Further Readings

Transformations

The transformation process can be used to achieve normal distribution behaviour in a set that does not show it naturally. These ways are supported by the Wolta library:

name

core operation

calculation

log

natural log

ln(A)

log-m

natural log

ln(A + m)

log2

base 2 log

log_2(A)

log2-m

base 2 log

log_2(A + m)

log10

common log

log(A)

log10-m

common log

log(A + m)

sqrt

square root

A^0.5

sqrt-m

square root

(A + m)^0.5

cbrt

cube root

A^(1/3)

Attention

‘A’ stands for a set, m stands for the smallest member of the set A.

Note

This process is reversible.

Categorization With Normal Distribution

If the set has a normal distribution, it can be split into three groups. In order to do that min, max, standard deviation and arithmetic mean should be calculated.

class

interval

0

min <= y <= mean - std

1

mean - std < y < mean + std

2

mean + std <= y <= max

Welkin Classification

Welkin classification is designed for prediction on datasets that have discrete value distributions in features for each class. It determines the intervals in every feature for each class independently by calculating the minimum and maximum values.

Attention

In the prediction phase, it may search the most fitted class for a test sample (strategy=’travel’) or when a class has enough coherence, it can be accepted directly as a prediction (strategy=’limit’). Limit strategy is less time consuming than travel strategy.

Attention

Also, there is no need to use all the features for training and predicting, only requested features can be used thanks to the priority parameter.

Dist Regression

Dist Regressor comes up with the idea that the sets with smaller ranges may cause more accurate predictions for regression algorithms. If the output set has a normal distribution then the algorithm splits it into three classes (for more information about it read Categorization With Normal Distribution article) and then trains regression models individually. After that, in the prediction phase, first it uses classification and detects the class then what regression algorithm will be used and finally according to that makes a prediction.

Note

By using random under sampler, classes can be balanced for classification.

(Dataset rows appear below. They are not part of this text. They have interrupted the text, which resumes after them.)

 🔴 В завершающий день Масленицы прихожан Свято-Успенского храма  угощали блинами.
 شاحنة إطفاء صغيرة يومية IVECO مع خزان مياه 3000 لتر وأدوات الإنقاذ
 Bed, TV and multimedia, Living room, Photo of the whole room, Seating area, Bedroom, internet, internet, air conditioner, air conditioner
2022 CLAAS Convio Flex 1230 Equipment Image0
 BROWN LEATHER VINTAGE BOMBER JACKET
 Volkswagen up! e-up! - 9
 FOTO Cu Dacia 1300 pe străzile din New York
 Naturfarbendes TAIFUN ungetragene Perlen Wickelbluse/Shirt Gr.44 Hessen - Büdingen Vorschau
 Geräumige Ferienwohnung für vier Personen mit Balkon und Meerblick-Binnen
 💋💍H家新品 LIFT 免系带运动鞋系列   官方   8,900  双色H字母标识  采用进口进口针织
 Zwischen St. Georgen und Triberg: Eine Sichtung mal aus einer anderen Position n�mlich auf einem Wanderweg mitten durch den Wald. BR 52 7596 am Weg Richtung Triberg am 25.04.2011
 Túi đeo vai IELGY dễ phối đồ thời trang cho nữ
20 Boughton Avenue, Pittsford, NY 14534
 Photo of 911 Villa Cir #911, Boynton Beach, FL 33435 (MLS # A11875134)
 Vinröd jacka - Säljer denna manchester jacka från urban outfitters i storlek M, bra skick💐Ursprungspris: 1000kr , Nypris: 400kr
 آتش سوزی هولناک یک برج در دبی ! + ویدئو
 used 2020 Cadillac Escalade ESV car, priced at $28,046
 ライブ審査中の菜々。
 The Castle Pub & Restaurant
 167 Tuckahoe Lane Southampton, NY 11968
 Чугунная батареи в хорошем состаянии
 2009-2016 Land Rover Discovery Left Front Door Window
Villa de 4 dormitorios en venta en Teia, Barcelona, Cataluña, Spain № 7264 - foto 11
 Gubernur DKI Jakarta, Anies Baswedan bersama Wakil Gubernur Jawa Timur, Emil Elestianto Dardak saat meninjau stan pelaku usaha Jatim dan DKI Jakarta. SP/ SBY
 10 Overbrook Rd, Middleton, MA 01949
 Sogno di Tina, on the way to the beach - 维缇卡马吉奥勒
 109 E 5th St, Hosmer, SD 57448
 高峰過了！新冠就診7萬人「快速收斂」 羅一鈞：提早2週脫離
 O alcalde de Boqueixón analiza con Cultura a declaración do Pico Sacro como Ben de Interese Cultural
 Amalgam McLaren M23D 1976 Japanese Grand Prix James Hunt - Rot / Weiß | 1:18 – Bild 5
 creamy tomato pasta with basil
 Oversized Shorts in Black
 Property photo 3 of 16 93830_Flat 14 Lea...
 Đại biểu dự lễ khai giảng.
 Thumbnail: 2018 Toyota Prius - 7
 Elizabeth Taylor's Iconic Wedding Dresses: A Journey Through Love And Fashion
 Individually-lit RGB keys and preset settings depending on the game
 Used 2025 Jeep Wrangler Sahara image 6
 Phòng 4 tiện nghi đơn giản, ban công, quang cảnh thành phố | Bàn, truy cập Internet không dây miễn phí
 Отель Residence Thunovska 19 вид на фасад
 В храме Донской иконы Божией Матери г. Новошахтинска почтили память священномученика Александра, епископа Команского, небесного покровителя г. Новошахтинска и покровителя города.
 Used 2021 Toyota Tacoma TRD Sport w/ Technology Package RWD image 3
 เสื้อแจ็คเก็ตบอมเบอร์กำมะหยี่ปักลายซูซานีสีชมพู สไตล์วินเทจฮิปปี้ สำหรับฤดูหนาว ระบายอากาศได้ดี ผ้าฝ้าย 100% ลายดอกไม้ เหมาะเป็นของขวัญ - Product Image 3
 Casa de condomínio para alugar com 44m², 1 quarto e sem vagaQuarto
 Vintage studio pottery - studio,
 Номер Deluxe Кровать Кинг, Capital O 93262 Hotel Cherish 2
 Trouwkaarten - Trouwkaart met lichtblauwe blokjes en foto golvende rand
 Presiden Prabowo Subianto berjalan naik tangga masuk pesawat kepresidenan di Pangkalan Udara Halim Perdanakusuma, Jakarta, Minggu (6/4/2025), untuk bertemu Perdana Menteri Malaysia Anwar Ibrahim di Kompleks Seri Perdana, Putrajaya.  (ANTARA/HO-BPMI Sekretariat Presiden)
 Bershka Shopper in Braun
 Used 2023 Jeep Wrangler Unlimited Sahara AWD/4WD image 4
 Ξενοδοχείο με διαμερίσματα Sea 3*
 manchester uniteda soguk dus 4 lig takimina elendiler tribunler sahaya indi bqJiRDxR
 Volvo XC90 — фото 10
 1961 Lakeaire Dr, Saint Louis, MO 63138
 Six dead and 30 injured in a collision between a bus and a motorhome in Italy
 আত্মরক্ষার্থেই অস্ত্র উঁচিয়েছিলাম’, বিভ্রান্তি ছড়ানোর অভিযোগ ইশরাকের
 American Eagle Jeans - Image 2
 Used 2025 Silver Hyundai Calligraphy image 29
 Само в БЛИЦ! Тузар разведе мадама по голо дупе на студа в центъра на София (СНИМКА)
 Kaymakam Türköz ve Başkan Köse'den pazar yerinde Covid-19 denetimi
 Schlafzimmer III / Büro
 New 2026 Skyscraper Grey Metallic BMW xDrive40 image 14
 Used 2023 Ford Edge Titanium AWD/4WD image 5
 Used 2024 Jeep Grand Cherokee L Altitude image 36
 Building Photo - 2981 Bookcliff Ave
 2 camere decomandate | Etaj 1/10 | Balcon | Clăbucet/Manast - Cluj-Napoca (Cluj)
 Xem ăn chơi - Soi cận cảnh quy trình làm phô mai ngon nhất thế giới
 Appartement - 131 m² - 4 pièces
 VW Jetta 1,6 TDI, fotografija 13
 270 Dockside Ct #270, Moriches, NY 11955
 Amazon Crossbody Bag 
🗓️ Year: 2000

Classification with Commune Technique

This technique follows these steps:

  1. Train the models.

  2. Find the algorithm that gives the best accuracy score for the dataset. It is called a ‘general model’.

  3. Find the algorithm that gives the best accuracy score for each class independently. Each one of them is called a ‘submodel.’’

  4. Collect the samples from the validation set that do not have the same result in general and submodel. Predict them again with all algorithms and find the best result given one. It is called an ‘instead model’ and it is used in situations like this in the prediction phase.